Tuesday, September 10, 2013



We're The Millers, a comedy set to mix the sleazy humour from The Hangover with weekend family on-the-couch TV sitcoms, has done for the critics what it set out to do – make them laugh. Directed by Rawson Marshall Thurber, the film may not be the greatest comedy of all times, or of 2013, but it is comedy nonetheless, they say.

"It's a goofy road movie with some nice gags. Hang on for the outtake bloopers over the credits and you'll see Aniston momentarily unsure how to take a joke at her expense," writes Peter Bradshaw in The Guardian.
"Though incredibly predictable from start to finish, We’re the Millers did make me laugh," accepts Kara Nesvig grudgingly in Star Tribune.

"The humor is fast-paced more often than it is shticky, rude and ribald with more than a few incest jokes. Sudeikis is charming with his toothpaste-commercial smile. His “children,” Roberts and Poulter, are fun to watch. Aniston seems far more comfortable in her “Mom” disguise of Capri pants than she does in stripper-wear. Is Jennifer Aniston funny, or does she just have great hair? I guess that’s the eternal question," Nesvig ponders.

Andrew O'Hehir seems to answer her question in Salon.com. "It had to happen eventually: Jennifer Aniston has made a funny movie (and also, it seems, a hit)."

"(We're The Millers) doesn’t try to deliver any sort of positive social message and suggests that people with real marriages and families are faking it too, pretty much the way dead-end dope dealer David (Sudeikis) and broke, jilted stripper Rose (Aniston) do. Maybe that’s why I liked it," he adds.
So the film has a deeper meaning?

"Get past the comedy and there's something almost weird at the movie's core - a deep cynicism about family and a longing for family, both at the same time. But the screenplay is too much of a patchwork to express anything deep or unconscious," notes Mick LaSalle in SF Chronicle.

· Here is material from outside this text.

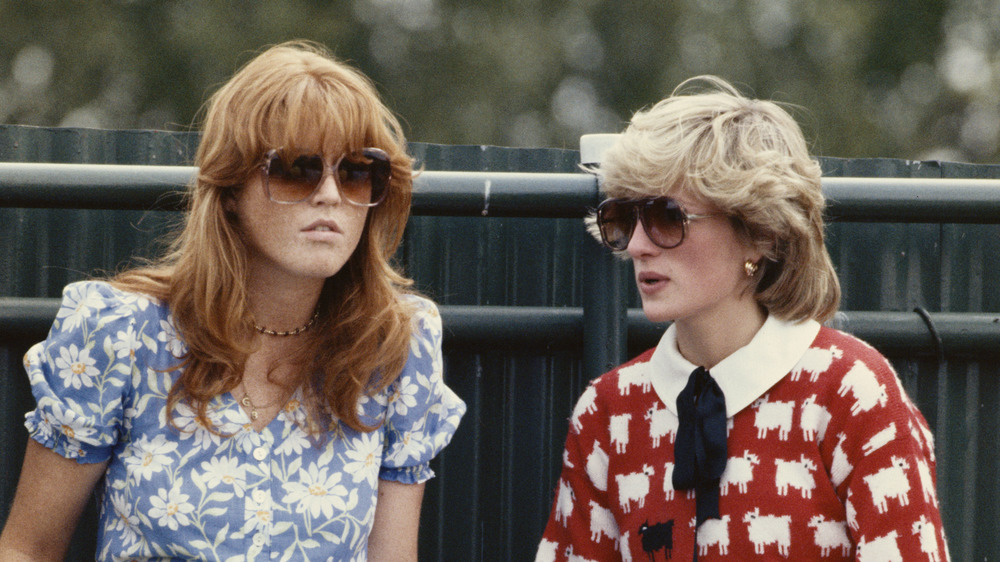 Sarah Ferguson and Princess Diana wearing sunglasses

"We're the Millers is right down the middle, sometimes crude to be crude, sometimes finding humor in the crude world we live in. Sometimes it's labored, sometimes it's funny. Sometimes it feels like four people worked on the screenplay and not one of them loved it, and sometimes it sneaks up and finds a laugh or two," LaSalle adds.

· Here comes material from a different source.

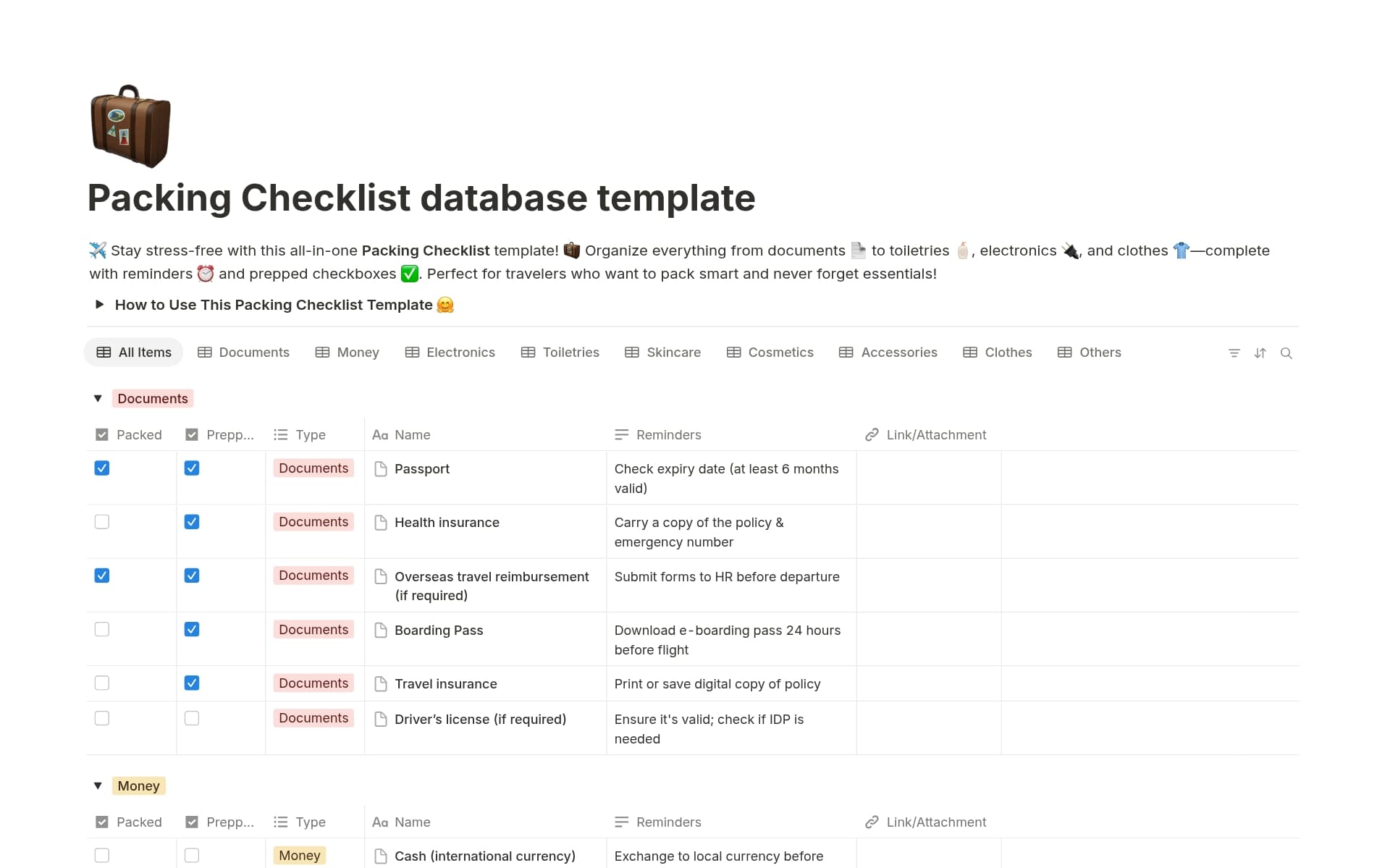 Vista previa de plantilla para Packing Checklist database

So then, is it worth a watch?

Chris Tookey of Daily Mail nods. "The script development is funnier and more ingenious than you might expect, and the actors have the comic timing to pull off most of it," he writes.
"The standout is the young British actor Poulter, who finds sweetness, depth and complexity in a role that might have been clichéd. Aniston is a better comedienne than most people realise and has perfected the art of the quizzical reaction shot."

So what do I say?

I say, if you need a good laugh, without having to kill your brain cells, this is the movie to watch. I laughed till I cried, till I almost wanted to pee in my pants!